PZ Myers calls it “an afternoon of false equivalence, of civility fetishism, of nothing but a cry about the national tone, of a plea for moderation”:
Once again, we have someone bravely standing up and telling the people on their own side to stop being dicks, while being vague on the names and specifics…So I’m at a loss about what we’re supposed to do in the world according to Jon Stewart. Hey, all you people working for gay and lesbian equality, all you women asking for equal pay, all you workers trying to unionize, all you peaceniks trying to end the war in Afghanistan, all you nurses and doctors and clinic workers trying to maintain reproductive freedom and keep women alive, all you teachers trying to teach science and history without censorship, all you citizens trying to build a rational health care policy, all you scientists and doctors who want our country to progress in medical research, all you damned secularists who want to keep religion out of our schools and government, hey, hey, HEY, you! Tone it down. Quit making such a fuss. You’re too loud. Shush. You’re as crazy as the teabaggers if you think your principles are worth fighting for.
Per Myers, this is Jules Boykin on civility fetishism:
…in the run-up to the Rally to Restore Sanity, Stewart’s ever-growing audience has been dished up a hefty dose of civility fetishism. While many are tired of the obnoxious and the obstreperous dominating the political news cycle, the ‘truthiness’ of the matter is that the villains of history have all too often cloaked their iniquity in civility, convincing us the inequality du jour is simply the new normal. In fact, it has taken quite a bit of civil-and uncivil-disobedience to undo the damage unleashed by the zealous civilizers of the past.

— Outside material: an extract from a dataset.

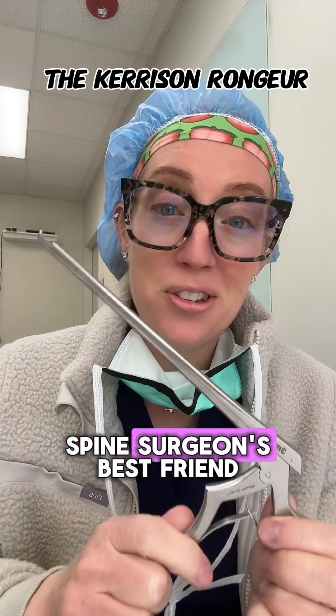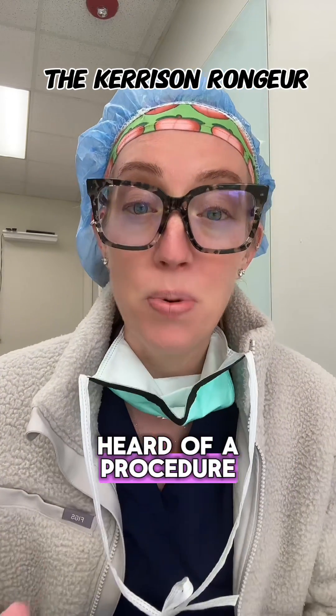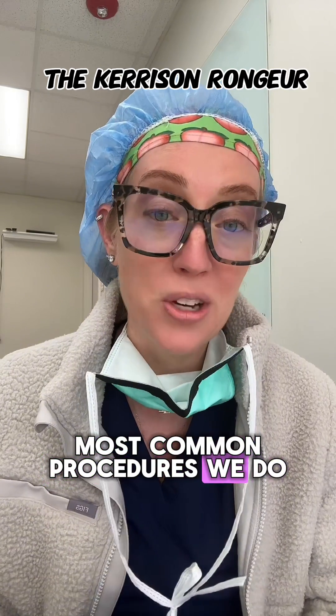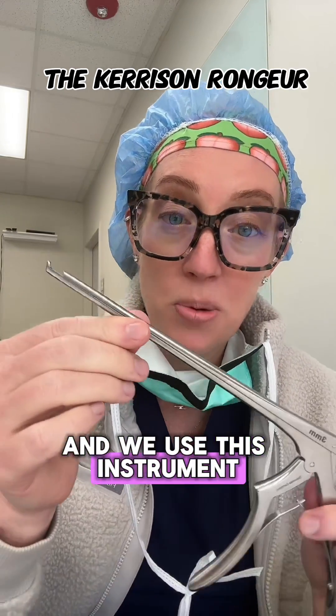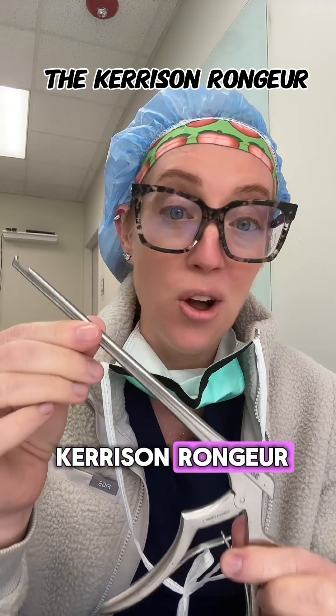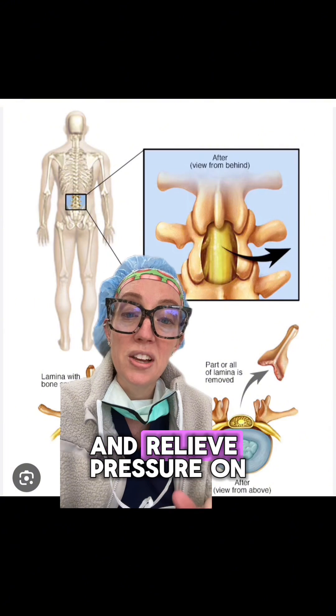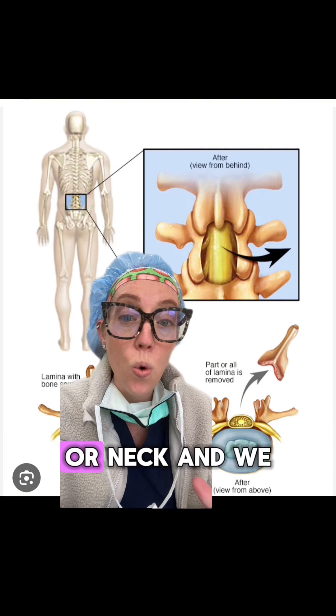This instrument is a spine surgeon's best friend. If you've ever heard of a procedure called a laminectomy, it's one of the most common procedures we do, and we use this instrument which is called a Kerrison rongeur. A laminectomy is a procedure where we go in and relieve pressure on the nerves in the back or neck.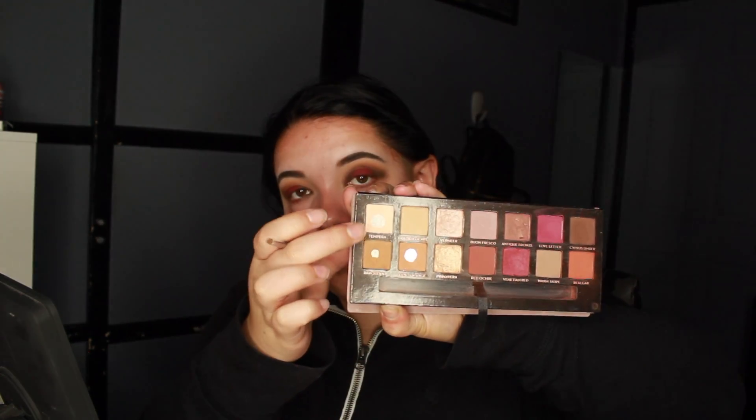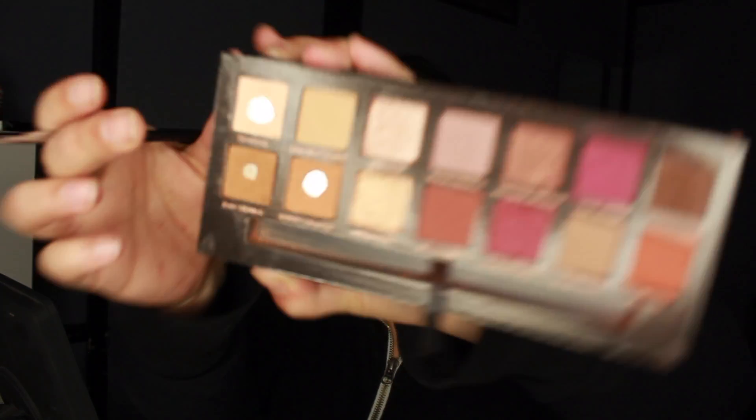We are going to use Temper for the brow bone and we're just using a small Morphe M515 brush. Put that on the brow bone.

In his original call to action, Stewart lumped together the Tea Party Movement with 9-11 Truthers and anti-war groups like Code Pink. Later Stewart dubbed Belgian protesters demonstrating against state austerity measures “lunatics” on par with Tea Party activists who screech from the screen, “The only good communist is a dead communist.” But by equating high-pitched tone with extremist politics, he plunks an unreasonable correlation at the center of his plea for reason. This logic touts the tone and tactics of the messenger in order to discount the message. Apparently, if you sport a suit and advocate unequivocally unreasonable practices like waterboarding, but do so in a friendly, down-home way using “your indoor voice,” you may well escape Stewart’s incisive wit. However, should you dip your hands in fake blood and attend a congressional hearing in order to make the completely reasonable argument that foreign wars are wasting precious lives and squandering scarce funds, you can expect to have the comedian slot you in the nutjob category.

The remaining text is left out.